- **DIRECTIONS**
Using the material below, repeat exactly the lines from the one with "YHAIATTA front-facing sign" through the one with "J. Crew Jackets", ends included, without any images.

- **PROVIDED MATERIAL**

_ _ _ _ _ _ _

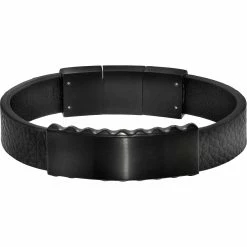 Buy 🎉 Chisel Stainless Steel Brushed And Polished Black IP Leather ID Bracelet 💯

_ _ _ _ _ _ _

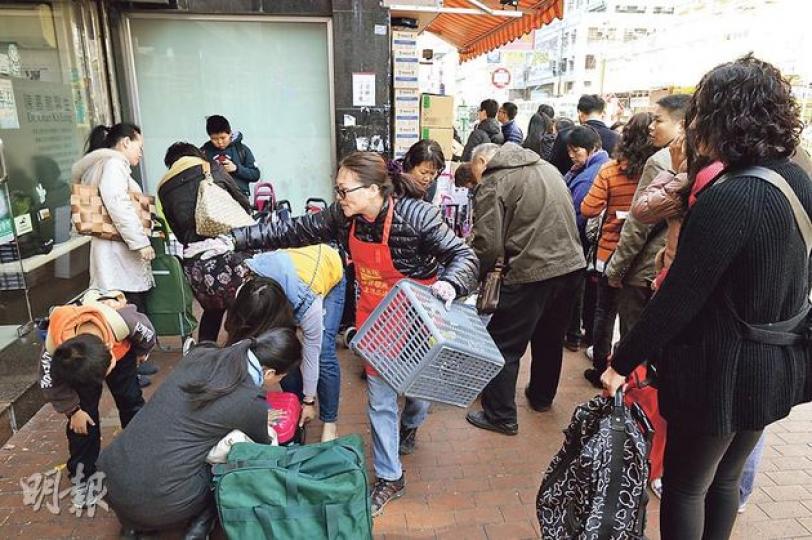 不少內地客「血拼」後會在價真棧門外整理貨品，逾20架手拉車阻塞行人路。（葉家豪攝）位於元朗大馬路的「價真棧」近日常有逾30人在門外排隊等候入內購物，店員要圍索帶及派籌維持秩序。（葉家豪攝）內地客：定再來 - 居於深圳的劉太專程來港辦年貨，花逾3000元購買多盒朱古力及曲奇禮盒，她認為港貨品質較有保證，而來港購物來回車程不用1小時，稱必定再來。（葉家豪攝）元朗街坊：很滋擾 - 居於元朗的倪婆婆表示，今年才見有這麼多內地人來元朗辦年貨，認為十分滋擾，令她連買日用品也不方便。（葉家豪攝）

_ _ _ _ _ _ _

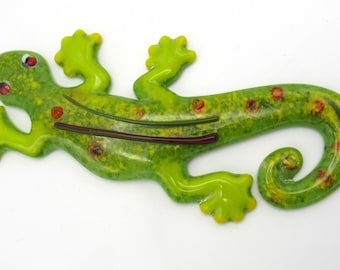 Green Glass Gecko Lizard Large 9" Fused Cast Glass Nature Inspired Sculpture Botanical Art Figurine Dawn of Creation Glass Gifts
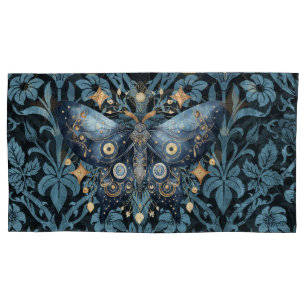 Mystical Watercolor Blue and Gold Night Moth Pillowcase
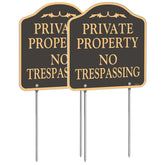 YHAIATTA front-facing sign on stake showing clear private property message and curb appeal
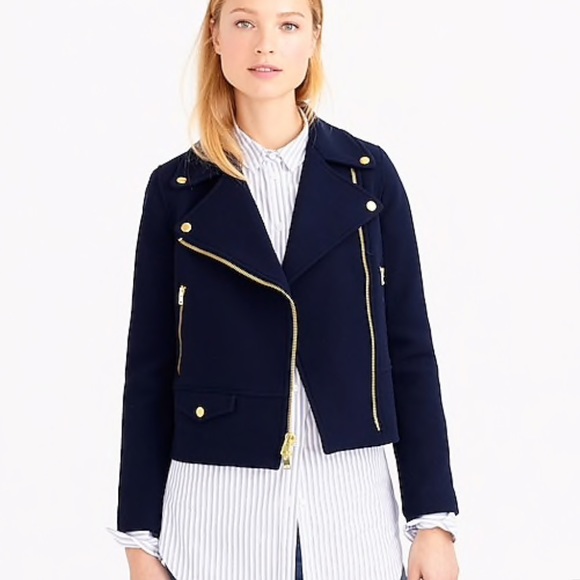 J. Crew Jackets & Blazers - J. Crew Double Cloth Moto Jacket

_ _ _ _ _ _ _

- **ANSWER TO THIS TASK**
 YHAIATTA front-facing sign on stake showing clear private property message and curb appeal
 J. Crew Jackets & Blazers - J. Crew Double Cloth Moto Jacket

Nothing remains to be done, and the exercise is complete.